▶ What you should do
Drop the images, then output the listing exactly.

▶ Dataset extract

§ §

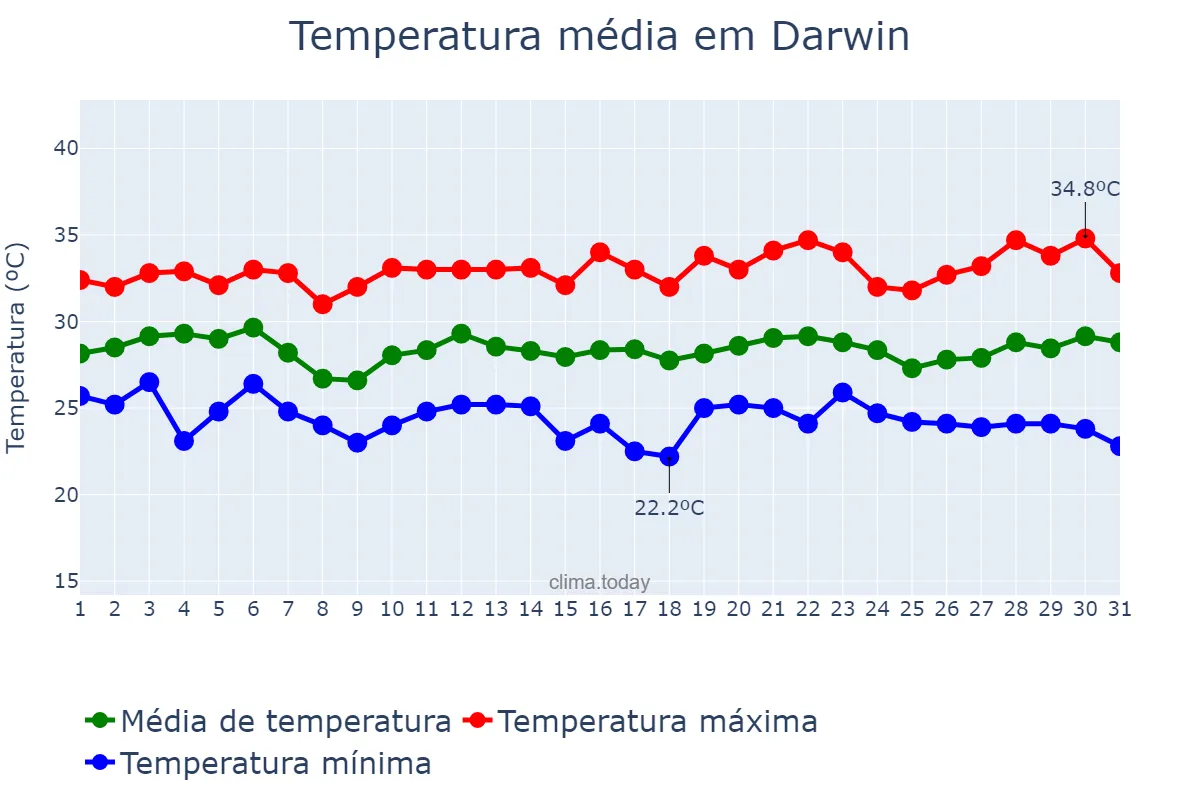 Temperatura em marco em Darwin, Northern Territory, AU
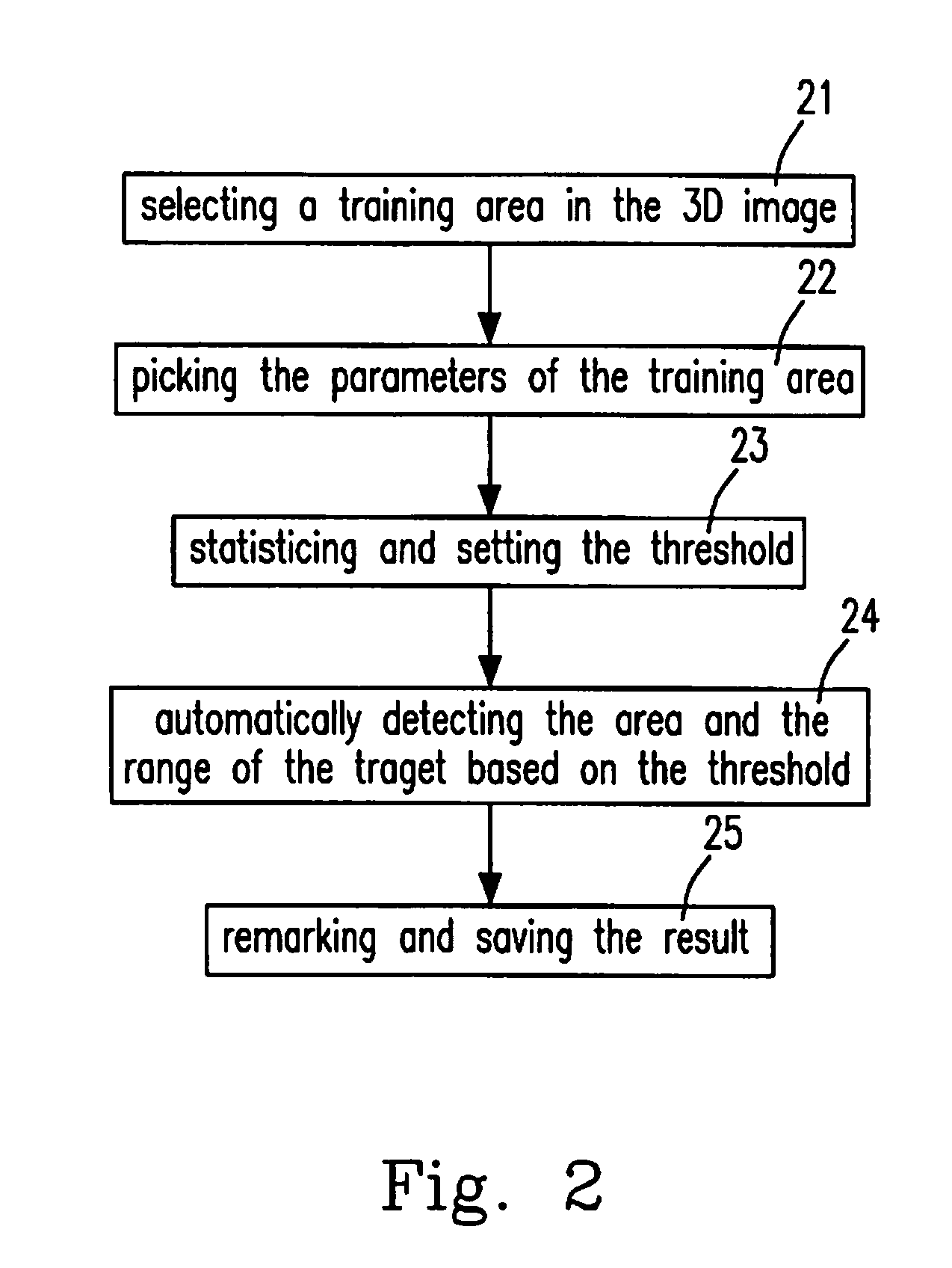 Target detecting, editing and rebuilding method and system by 3D image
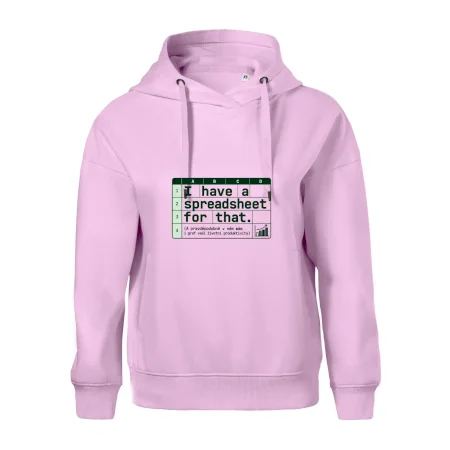 Excelový graf životní produktivity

§ §

▶ Response below
 Temperatura em marco em Darwin, Northern Territory, AU
 Target detecting, editing and rebuilding method and system by 3D image
 Excelový graf životní produktivity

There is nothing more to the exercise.